Baseball, the cloud, and big data

As the release of the upcoming movie Moneyball approaches, it’s inevitable that we’ll be hearing much more about baseball’s sabermetrics. ReadWriteWeb is out front of the topic with a nice article today on How Big Data and the iPad have Fundamentally Changed Baseball.

This article ties together three of my favorite topics – big data analytics, cloud computing infrastructure and baseball. Take a look at the iPad dashboard at right and think about a starting pitcher and catcher sitting together on a flight using this kind of highly-visual tool to decide how to pitch each hitter. Now think about the rudimentary paper-based systems from five or ten years ago. Which pitcher has the edge? I’m sure that comparable data exists for batters on pitcher’s tendencies and release points, but it does appear that the overwhelming advantage of this technology favors the pitcher/catcher game plan.

But do the results back up the theory? Take a look at the aggregate statistics across major league baseball the last 5 years. Since 2006 both league batting average and runs per game have fallen every single year. Batting averages are down from .269 to .255 and runs per game are down from 4.86 to 4.28 (per team). Only one offensive stat is up in each of those years – strikeouts, from 6.52 per team per game to 7.06. MLB is marketing this as a pitching renaissance. Maybe it’s a data/knowledge renaissance? Pitchers simply have better tools than hitters and it’s showing up as a reduction in offense.

This phenomenon is not at all unique to baseball. What Moneyball and sabermetrics did for baseball happened a decade before in financial services. Human traders that specialized in arbitrage and technical chart reading have been overrun by automated systems that perform split-second algorithmic trading resulting in billions in profits. Online giants like Google and Amazon have applied similar big data analytics techniques to know what you want to buy before you do. I would be willing to bet that a similar explanation is behind recent record big company profits, despite the luke warm global economy. The past decade has seen an explosion in the number and accuracy of tracked company metrics, along the lines of the baseball dashboard above. It’s the same story – interactive dashboards and process automation are buoying decision making accuracy, resulting in fewer mistakes and greater corporate efficiency. This is a classic example of what Greenspan would have called “worker productivity improvements enabled by technology”.

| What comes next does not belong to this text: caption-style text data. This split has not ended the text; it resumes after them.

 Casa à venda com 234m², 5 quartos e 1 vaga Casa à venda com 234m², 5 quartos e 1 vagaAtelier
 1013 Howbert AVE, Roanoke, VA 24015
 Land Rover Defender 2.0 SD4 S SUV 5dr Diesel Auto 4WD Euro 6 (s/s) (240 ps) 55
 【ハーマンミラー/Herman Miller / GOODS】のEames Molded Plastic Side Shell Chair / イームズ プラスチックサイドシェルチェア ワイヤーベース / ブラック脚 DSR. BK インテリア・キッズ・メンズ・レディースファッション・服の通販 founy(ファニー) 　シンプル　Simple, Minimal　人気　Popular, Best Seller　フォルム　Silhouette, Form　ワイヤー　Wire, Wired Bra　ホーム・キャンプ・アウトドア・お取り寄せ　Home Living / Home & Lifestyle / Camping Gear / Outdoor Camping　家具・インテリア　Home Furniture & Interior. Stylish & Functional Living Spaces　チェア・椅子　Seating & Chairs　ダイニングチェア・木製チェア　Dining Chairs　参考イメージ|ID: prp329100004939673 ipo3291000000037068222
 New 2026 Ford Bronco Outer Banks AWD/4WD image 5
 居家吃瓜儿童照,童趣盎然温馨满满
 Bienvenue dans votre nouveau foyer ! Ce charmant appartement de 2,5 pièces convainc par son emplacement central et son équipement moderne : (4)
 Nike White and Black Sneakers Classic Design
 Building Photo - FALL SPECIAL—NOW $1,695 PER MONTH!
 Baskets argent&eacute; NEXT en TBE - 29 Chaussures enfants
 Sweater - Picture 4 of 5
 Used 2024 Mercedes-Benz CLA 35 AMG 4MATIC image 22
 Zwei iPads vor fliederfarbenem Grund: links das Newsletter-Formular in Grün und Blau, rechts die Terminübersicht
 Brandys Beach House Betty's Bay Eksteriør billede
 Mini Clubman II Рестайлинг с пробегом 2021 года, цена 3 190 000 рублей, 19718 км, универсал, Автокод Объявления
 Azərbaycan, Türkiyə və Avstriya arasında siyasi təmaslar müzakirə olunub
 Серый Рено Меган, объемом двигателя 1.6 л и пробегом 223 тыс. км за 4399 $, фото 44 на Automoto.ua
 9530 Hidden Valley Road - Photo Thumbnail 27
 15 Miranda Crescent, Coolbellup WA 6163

We are marching inexorably towards a interconnected world of huge volumes of ever changing data and anywhere, anytime access which will make today’s incredible improvements look quaint when we look back ten years from now. Whether you work in a baseball front office, at a leading internet company, in corporate IT or supply companies like these with the world’s most scalable messaging middleware it’s an exciting time to be building applications that connect the web and mobile worlds with the processing power of the cloud in real time.